Written and directed by Hossein Amini
USA and UK, 2014
Anyone acquainted with Roman theology or a pub quiz will know that January is a Anglicisation of the Roman god Janus, the two-faced figurine who stands at the cusp of the new year, simultaneously musing backward at recent lessons and experiences, and peering forward to the murky and elusive future ahead, a guardian at the crossroads of the past and present. These twin impulses swirl in the miasma of Patricia Highsmith’s novel The Two Faces of January, first published in 1964. It’s a lesser-known work of her serrated literature, which is obsessed with psychological and sexual criminal deviancy, most famously brought to the screen by Hitchcock in the minor classic Strangers On A Train and by Anthony Minghella in 1999’s acclaimed The Talented Mr. Ripley. After decades of intense wrangling, accomplished screenwriter Hossein Amini (Jude, The Wings of the Dove, and more recently Drive), has brought this passion project to the silver screen, debuting as director. Sadly, this ambitious effort does not plunder the psychic caverns so rewardingly mined by his cinematic forebears.

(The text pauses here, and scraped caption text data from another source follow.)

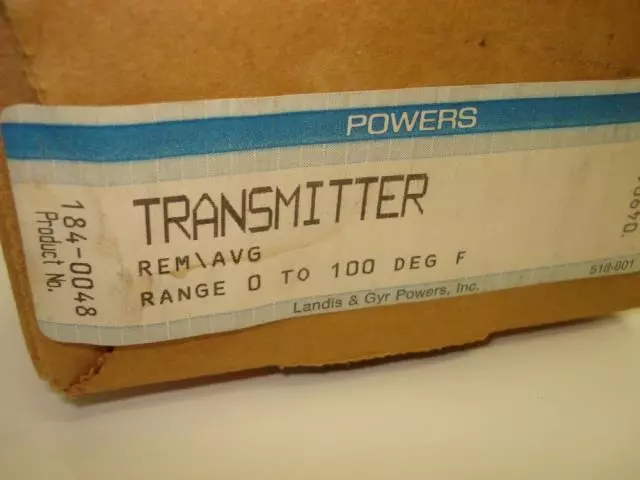 Powers 184-0048 049014 HVAC Temperature Transmitter NSFP 2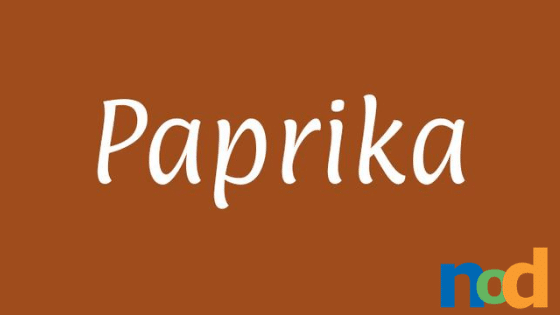 Free Font Friday - Paprika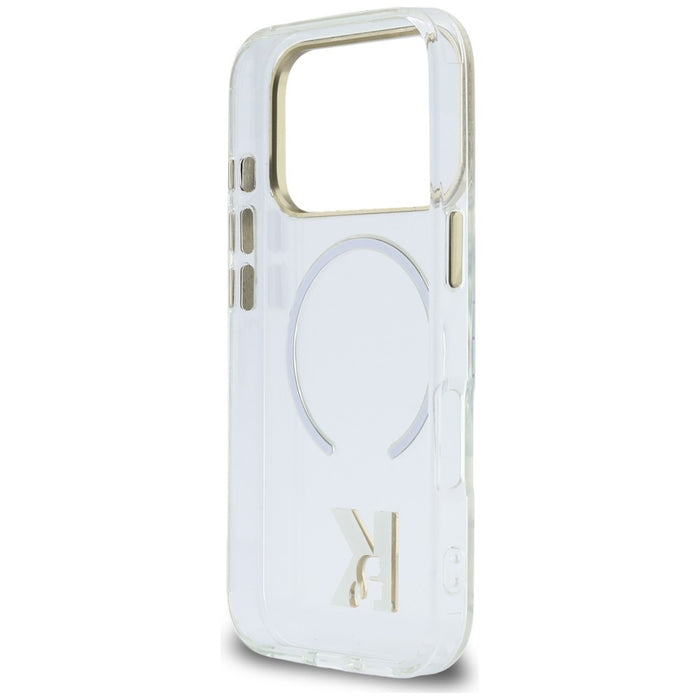 Karl Lagerfeld IML K Head Logo MagSafe Case for iPhone 17 Pro Max - Clear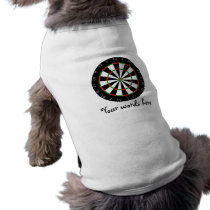 Dartboard background dog t-shirt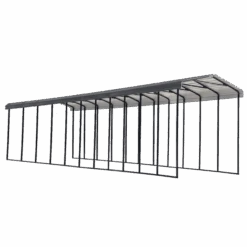 Arrow RV Carport, 14 Ft. X 51 Ft. X 14 Ft. Charcoal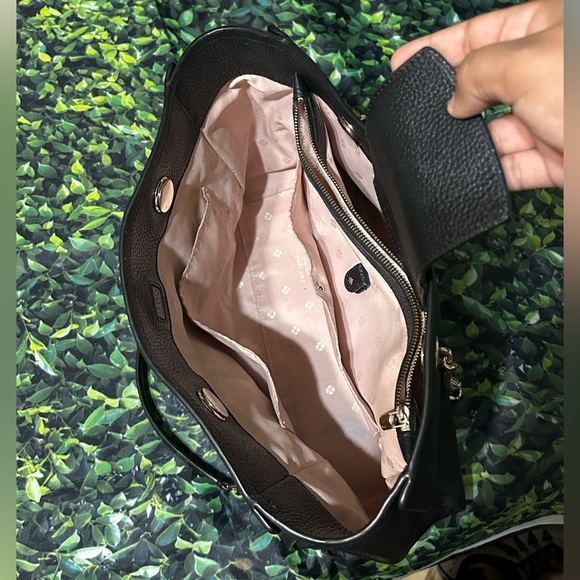 Kate Spade Black Leather Handbag - Picture 6 of 11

Set in a sweltering Greece of 1962, two criminals psychologically wrestle for the affections of a recently anointed trophy wife and poorly sketched façade of feminine purity. Chester MacFarland (Mortensen) is on a relaxing tour of the tourist traps of the cradle of civilization, his wife Colette (Dunst) insisting on a visit to the essential Acropolis of Athens. The Acropolis is the hunting ground of small-scale grifter Rydal (Oscar Isaac), a young American ex-pat who presents a cultivated image of the comprehensive tour guide, scamming gullible tourists out of drachma with the complicit aid of the local residents and market traders. Clearly enamored of the MacFarlands’ breeding and wealth, he accepts an invitation to dinner, and when returning to their five-star hotel to return a discarded brooch, he stumbles across Chester sequestering an apparently unconscious body. Unbeknownst to him, MacFarland’s disgruntled European creditors have set a private investigator to track him down and their confrontation has ended fatally. Immersed in the murder plot and hardly a paragon of virtue, Rydal is drawn into the illusory marriage, as he slowly becomes infatuated with Colette as they flee the authorities across Greece with increasingly anxious acceleration.

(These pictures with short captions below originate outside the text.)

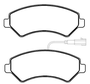 PASTILHA DE FREIO DIANTEIRO ECOPADS - ECO1617 - FRONTIER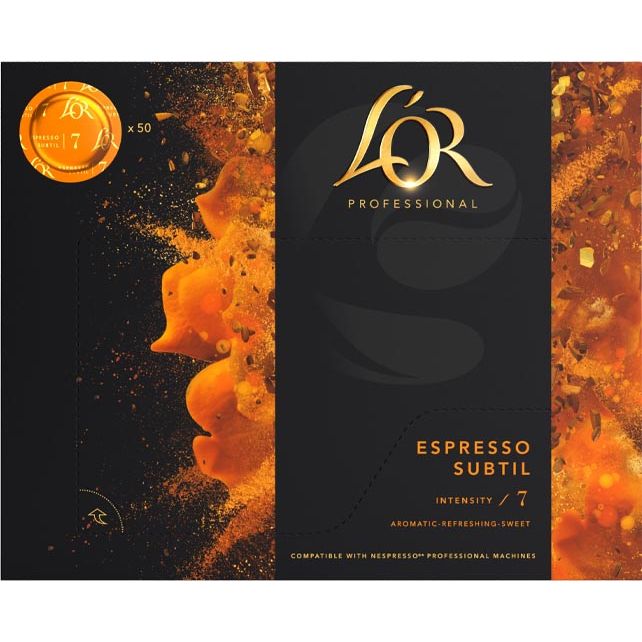 Douwe Egberts - Intensité des disques professionnels 7, Espresso Subtil, Pak de 50 disques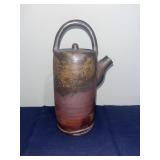 C. 1930 Japanese Bizen Ware Teapot, Signed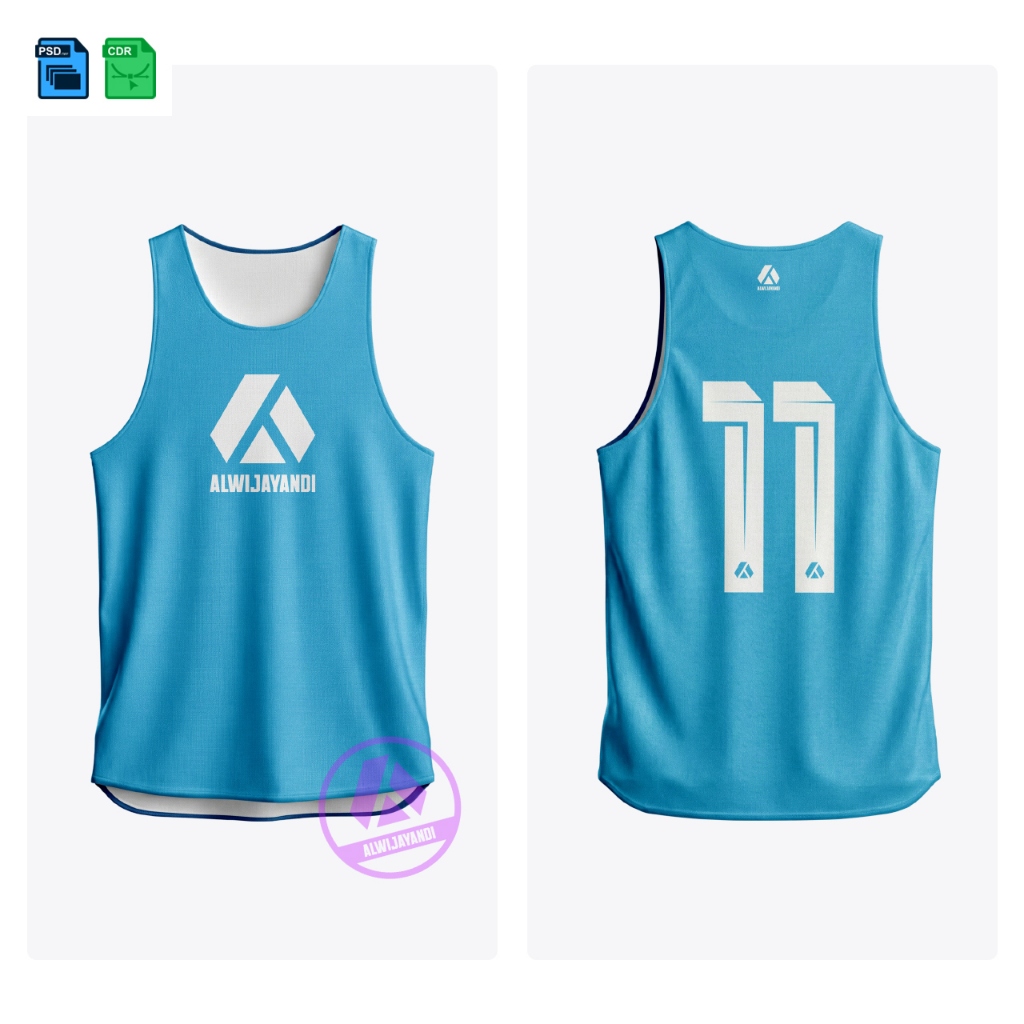 MOCKUP JERSEY RUNNING // PS & CDR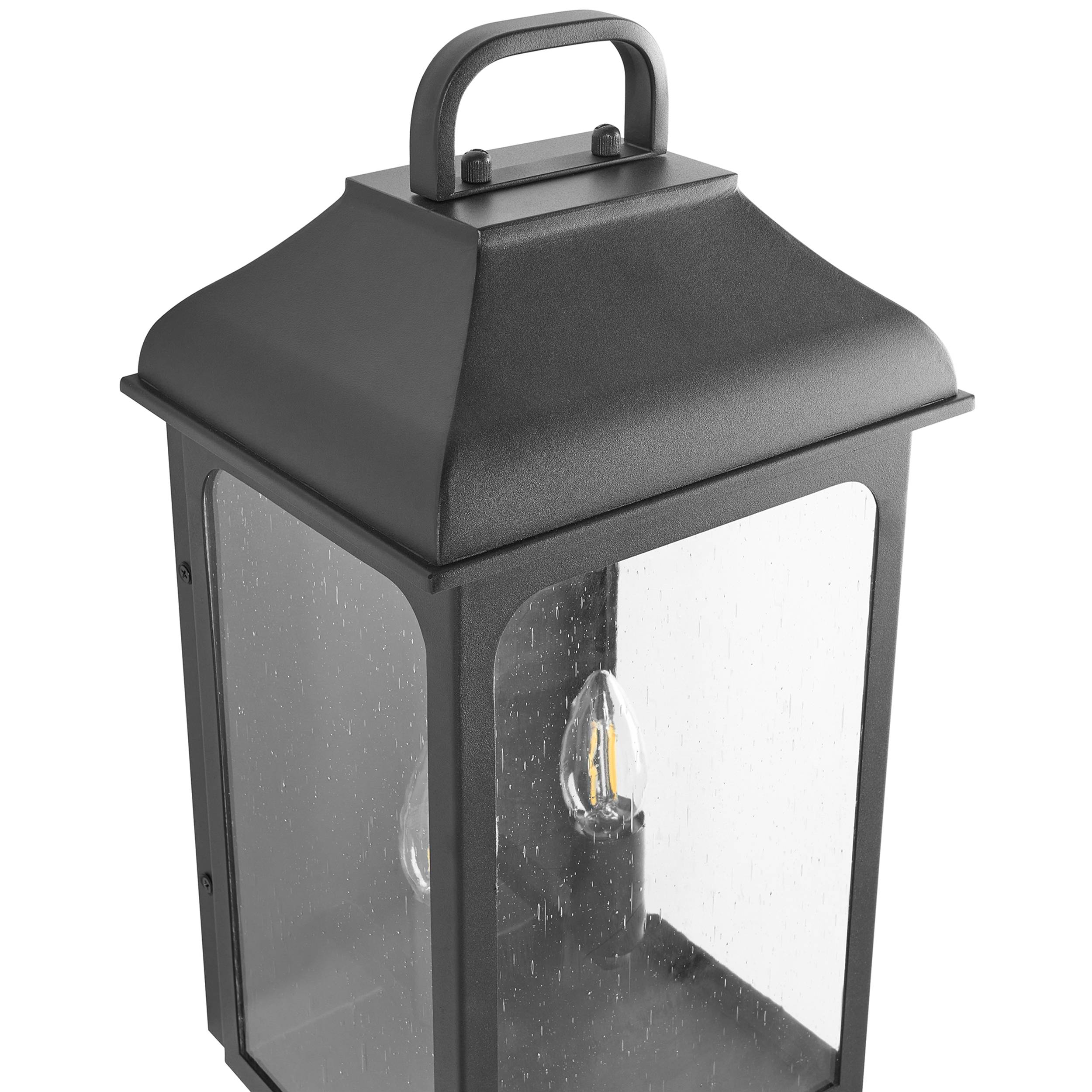 Beliani - Lampe murale pour l'extérieur Aluminium Noir VIDBOL - Beliani - Image 6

It was only with the twin star wattage of Mortensen and Dunst that Amini was able to get financial backing from even an independent studio; the last straw was the casting of Isaac, who’s officially hot after his crooning turn in Inside Llewyn Davis and subsequent casting in the upcoming Star Wars franchise. Whilst this heat is transmitted to the screen in the form of a swelteringly sleazy travelogue of the Aegean sea, this rather flat and formless film lacks the crucial ingredient of flair. It is a handsomely mounted triangle of psychologically sourced deceit and misdirection, and the film simmers with a metaphorical sense of archeological locations, but for a sensuous thriller the film is more a overcast siesta than a blazing barbecue. Clearly, Amini’s intent is to ape the mood and pacing of the European arthouse thrillers of the 1960s, with their abject refusal to divert to action-paced editing or cinematic thrills and chills. An admirable restraint, perhaps, but the void left in this ideological wake provokes little sense of dramatic grip or any character-controlled psychic intrigue, as the cat-and-mouse narrative cruises along at a monotone pace.

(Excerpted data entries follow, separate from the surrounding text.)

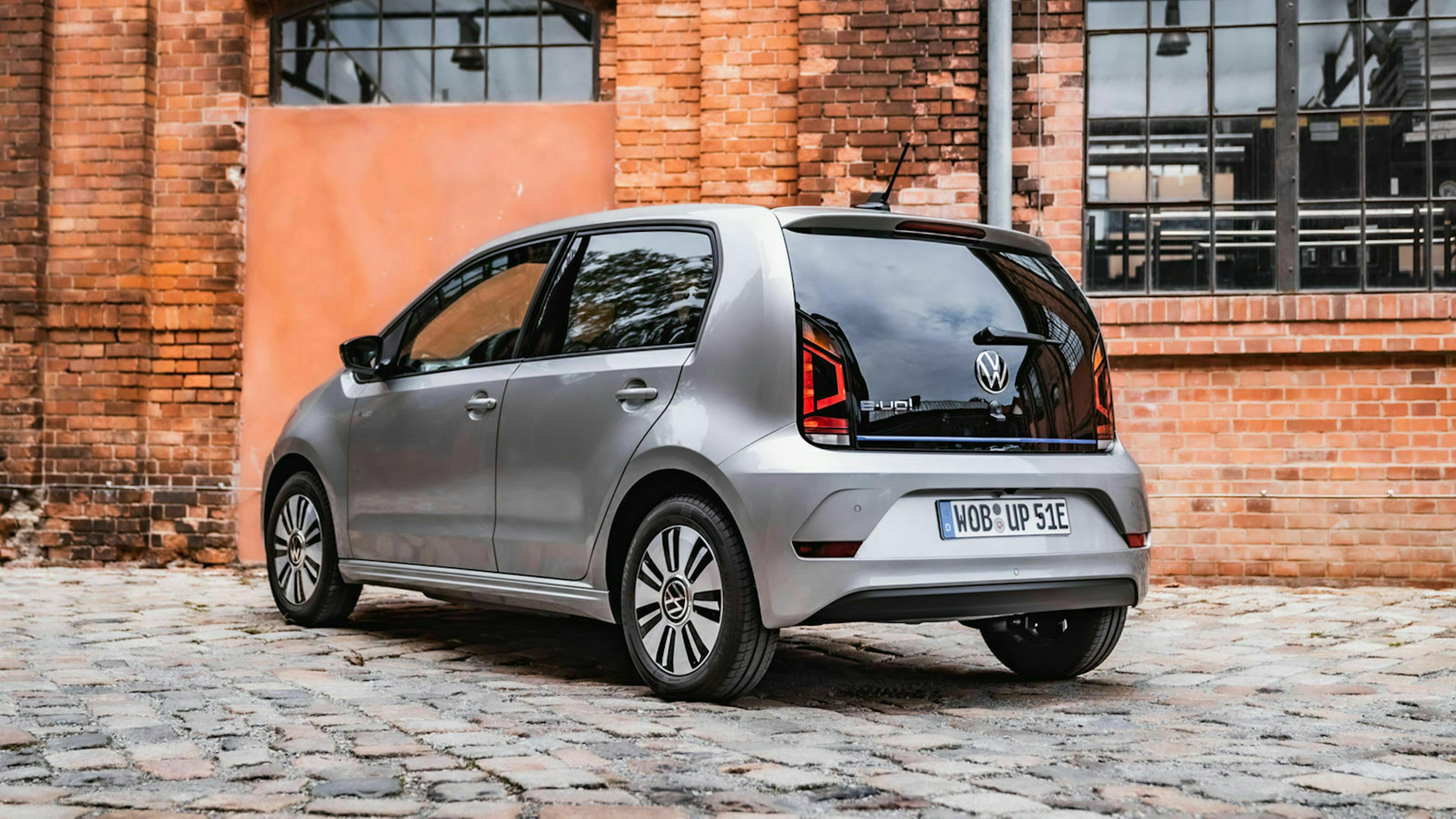 VW e-Up Heckansicht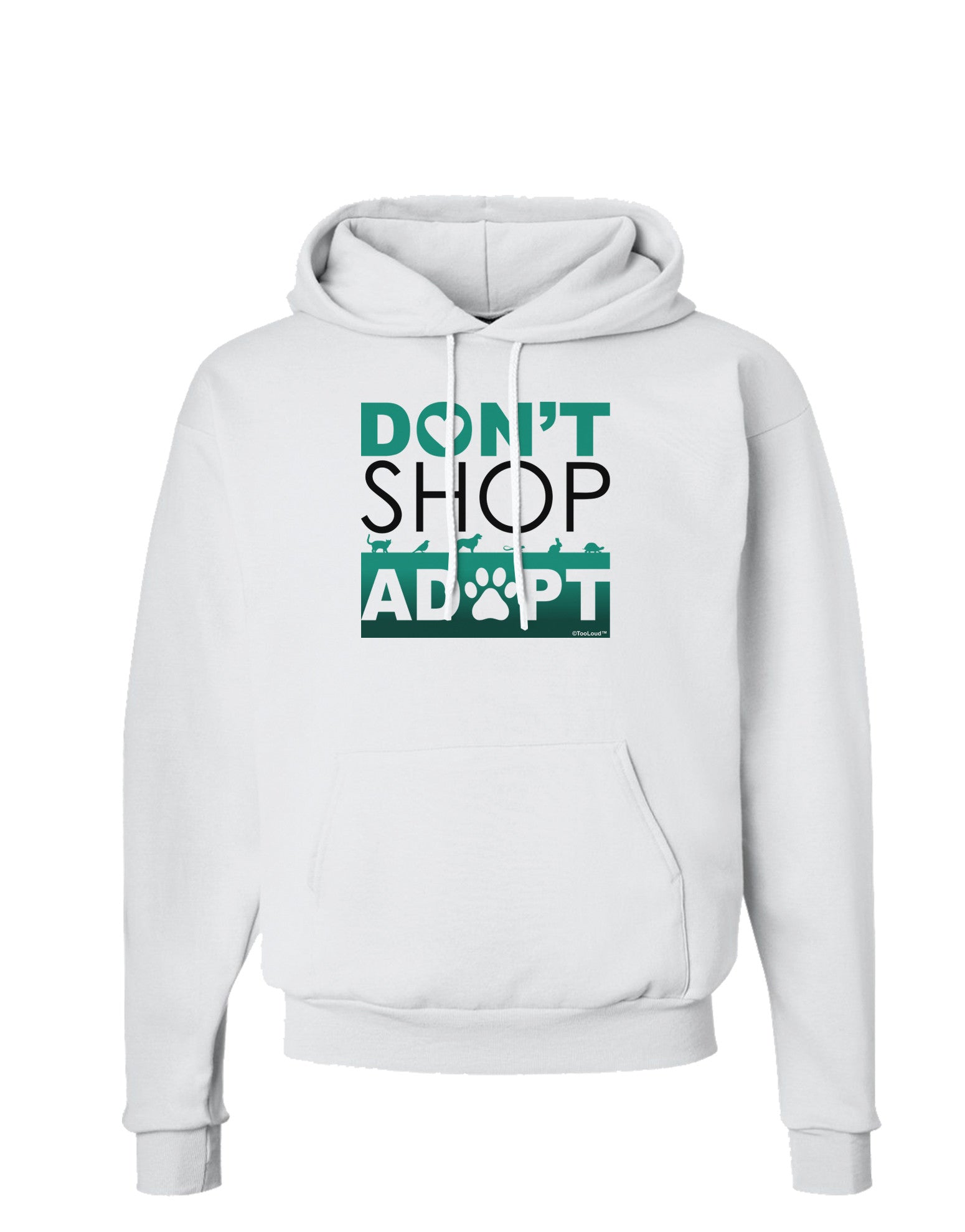Don't Shop Adopt Hoodie Sweatshirt-Hoodie-TooLoud-White-Small-Davson Sales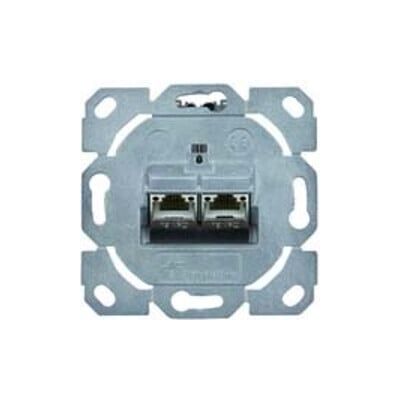 Prise réseau Telegärtner - 6A, Argent, T568B, 2 Modules - Publicité Prise réseau Telegärtner - 6A, Argent, T568B, 2 Modules - Publicité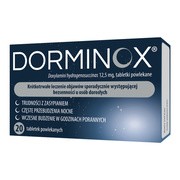 Dorminox, 12,5 mg, tabletki powlekane, 20 szt.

Dunst feels sorely underwritten as a cipher for the men to battle over rather than having independent agency, as a crucial scene flags up queries of complicity and indoctrinated involvement which the remainder of the film proceeds to squander. The direction itself is flat and ultimately parses the drama to the domestic when it should soar to the mythic, although Mortensen’s and Isaac’s intrinsic charisma levers some fascination with the characters’ inevitably spiraling fates. This pedestrian take on The Two Faces Of January won’t prompt youto look both ways for safety when exiting the cinema, as a screenwriter as talented as Hossien needs to be looking forward to his next project, pronto.